Bioperversidad
Un profundo desaliento me invade cuando veo cómo se han desvanecido muchas de las ilusiones que me animaron en los años de la transición a confiar en un cambio radical de nuestro modo de ser; donde el respeto entre todos propiciase la mejora irreversible de nuestro territorio. Sería una cínica si no reconociese lo mucho y lo bueno que han supuesto estos 27 años democráticos, pero también una ilusa si afirmase, como pretenden algunos propagandistas, que éste es un país idílico.
Este desánimo se acentúa cada verano al ver arder nuestro escaso bosque. Todos los veranos pienso que ha sido el peor, y todos los veranos me equivoco. Contemplo la desolación del páramo quemado y no dejo de preguntarme cómo un país con recursos no es capaz de coordinarlos primero en la prevención de los incendios, que es lo verdaderamente urgente, y después en su rápida extinción. Porque, según he leído, el 99% de los incendios son causados por el hombre y sólo un 1% se deben a causas naturales.
El cerril desprecio por nuestro entorno natural no sólo se manifiesta en los incendios. Cada verano crece mi indignación por ese comportamiento de niños consentidos de los "nuevos ricos" que arrojan por la borda de sus embarcaciones toda clase de desperdicios al mar; de los playeros de chiringuito que ensucian sin cesar. Pero nunca pasa nada, porque ese comportamiento se considera normal y no se visualiza el castigo.

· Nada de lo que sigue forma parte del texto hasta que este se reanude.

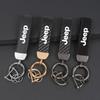 For Jeep Car Keychain Emblem Key Ring Pendant Gift Accessories For Jeep Wrangler JL JK Renegade Compass Gladiator Cherokee Pa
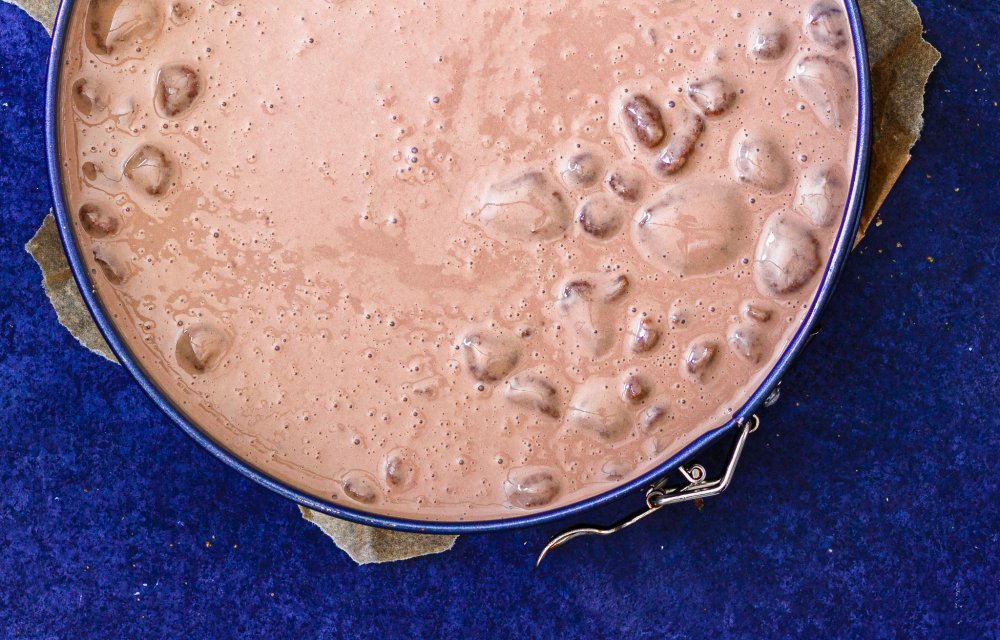 Cheescake met chocoladekruidnoten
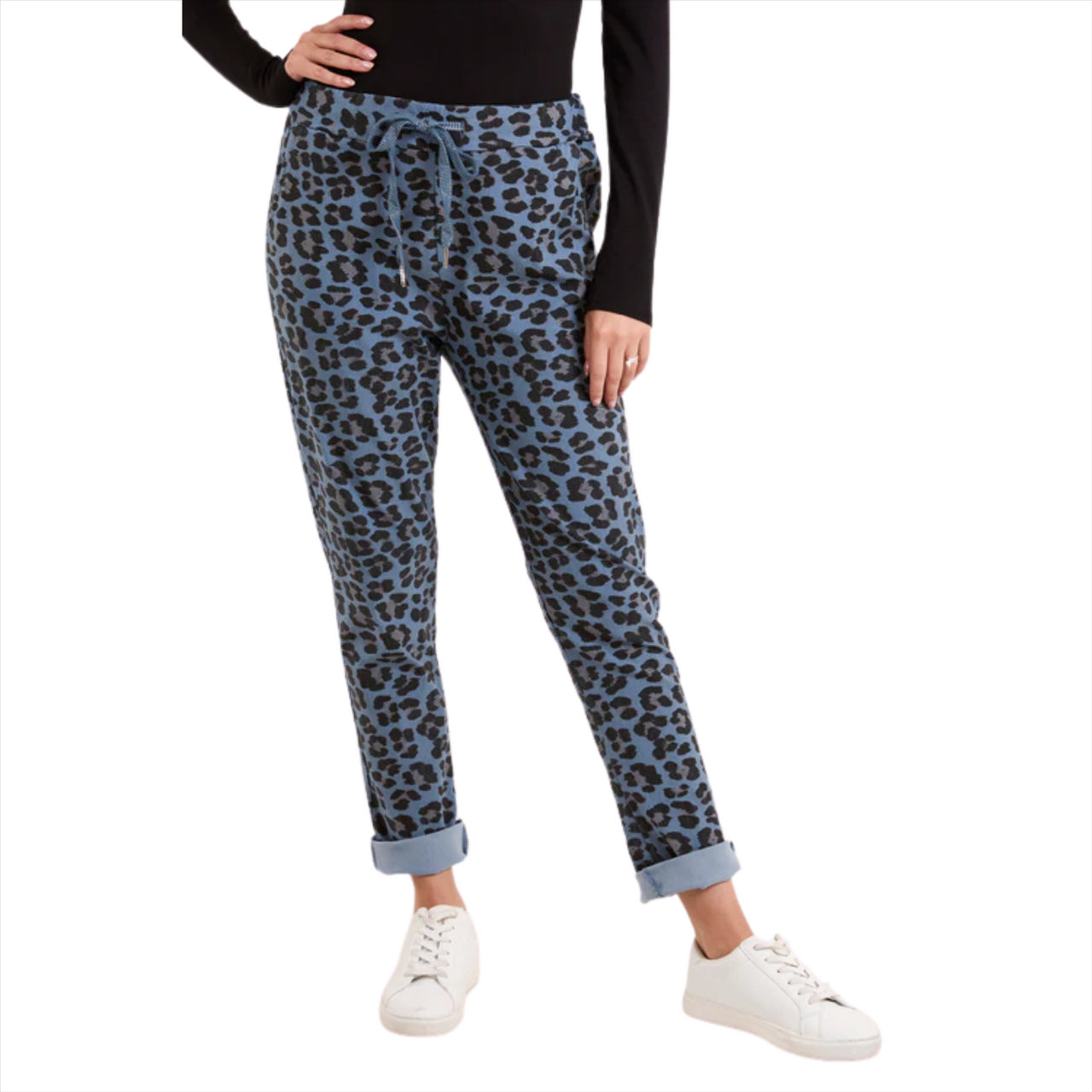 Magic Pants Super Stretch Leopard Trousers | Denim | One Size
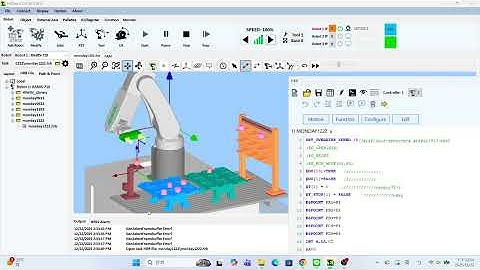 1222作業1：試題一：以經濟部iPAS機器人工程師術科中階認證程序，依照題目規定的A料盤的工件起始擺置，及完工後的不良品D料盤、良品C料盤擺置，撰寫完整功能的模擬軟體程式。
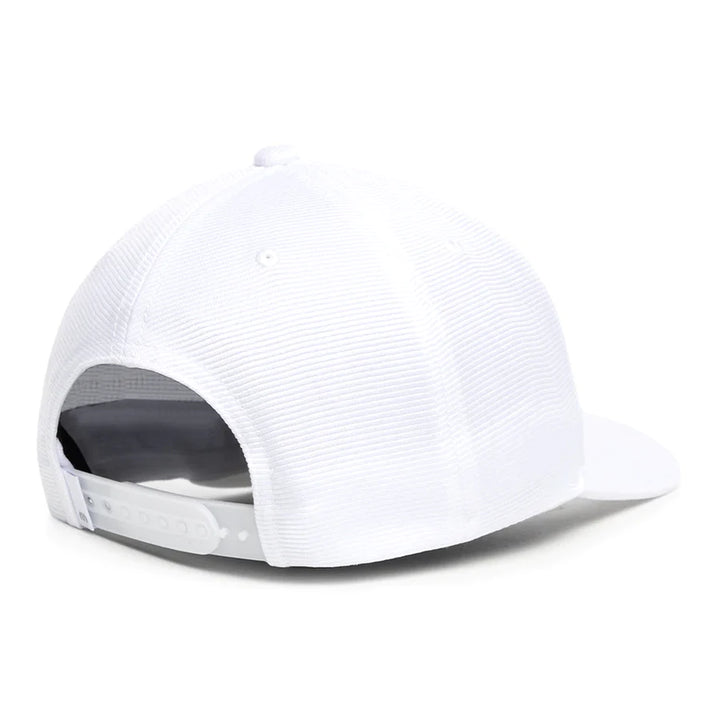 TRAVIS MATHEW YOUTH CRYSTAL BLUE SNAPBACK HAT - WHITE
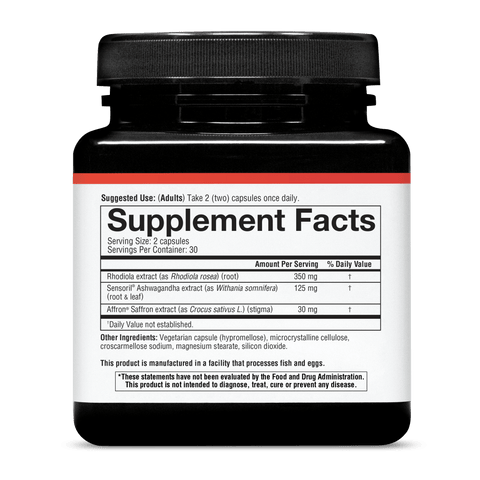 SA.00713 Youtheory Saffron 60 Capsules Nutrition Facts Panel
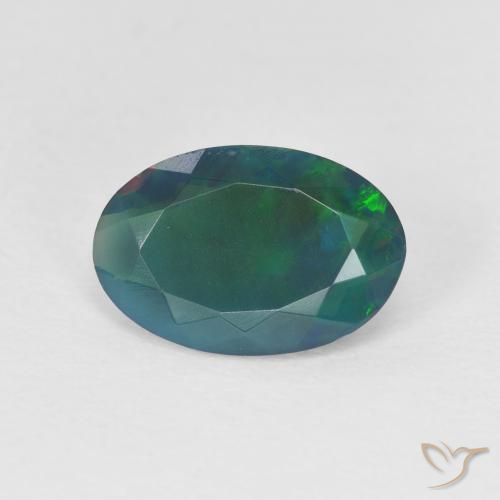 1.09ct Naturel Multicolore Opale, ovale, Transparent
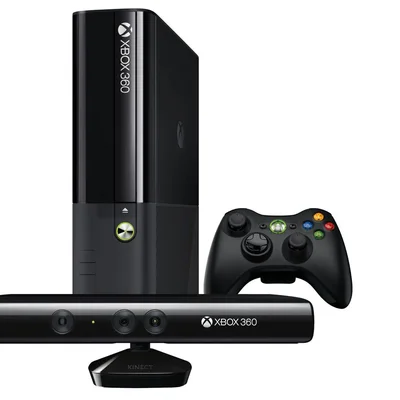 XBOX 360 Super Slim 4gb + Kinect Standard Preto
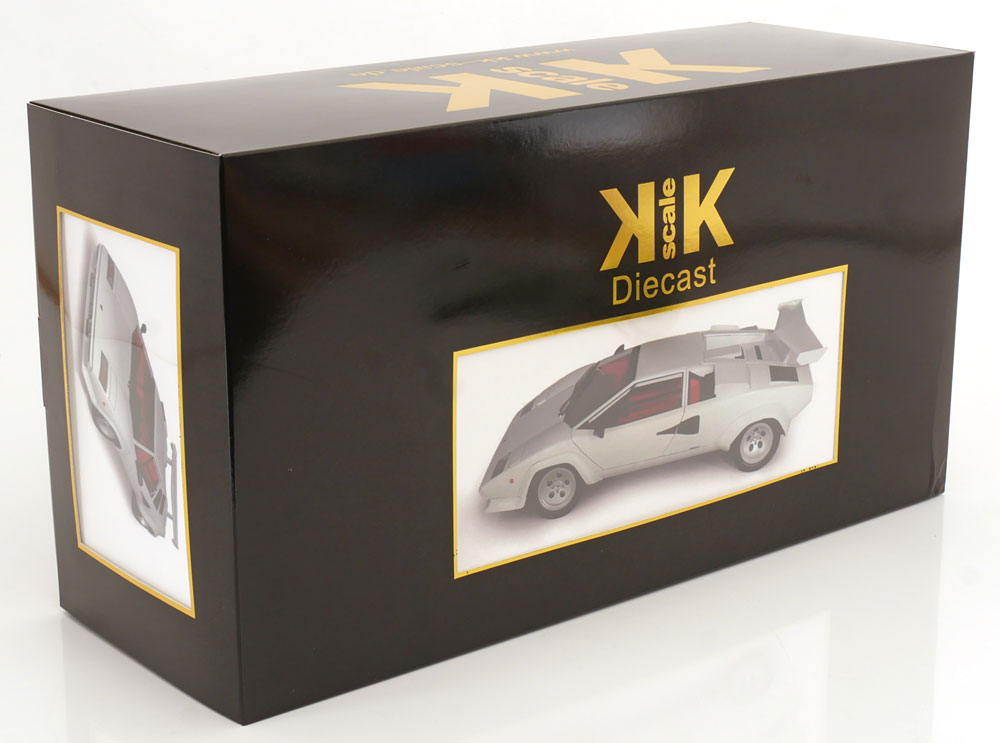 LAMBORGHINI - COUNTACH LP 5000S QV 1985-(BLANC) 1:12 SCALE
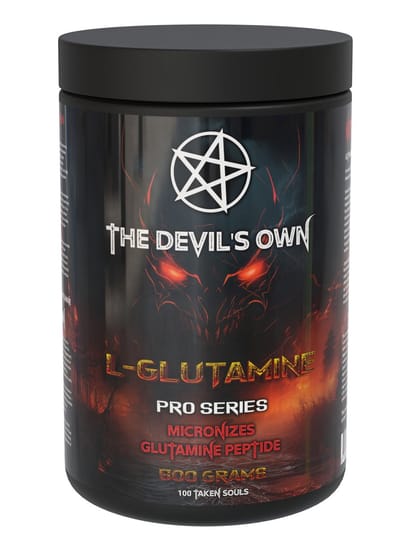 The Devil’s Own L-Glutamine – 500g – Micronized 200 Mesh – Unflavored – Aminozuur Supplement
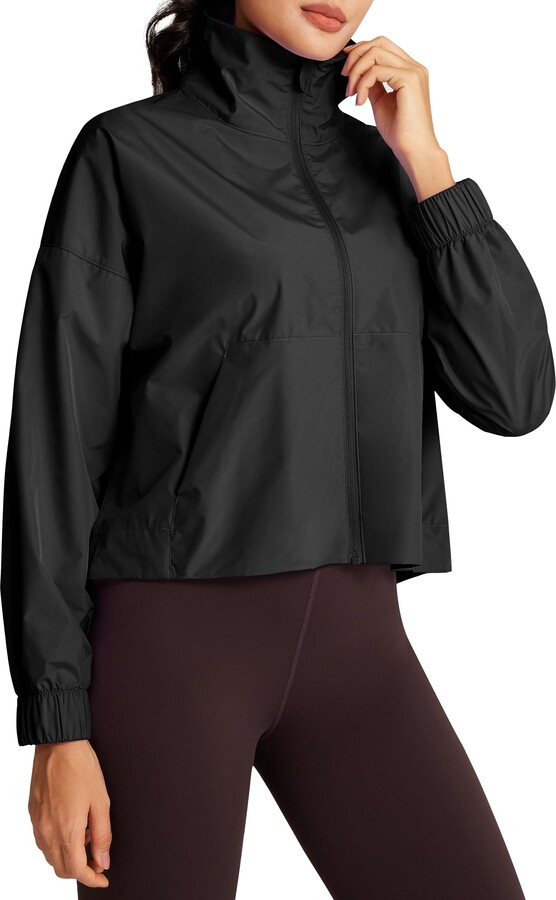 QUEENIEKE Womens Waterproof Running Jacket UPF50+ Sun Protection Loose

Los especuladores inmobiliarios se han enriquecido con la destrucción de nuestra costa "regalándonos" esas aberrantes edificaciones en primera línea de playa. España parece un país de locos que instala justo en su mitad más seca el 70% de sus absurdos campos de golf. Un país que no desarrolla su mejor energía: la solar. Deslumbrados por la sociedad de consumo, pronto llegará el glorioso día en que transitemos a más de 300 kilómetros por hora contemplando el fabuloso paisaje de hormigón y montes calcinados que hemos construido. Si podemos pagarlo, ¿por qué renunciar a tan inmensa felicidad.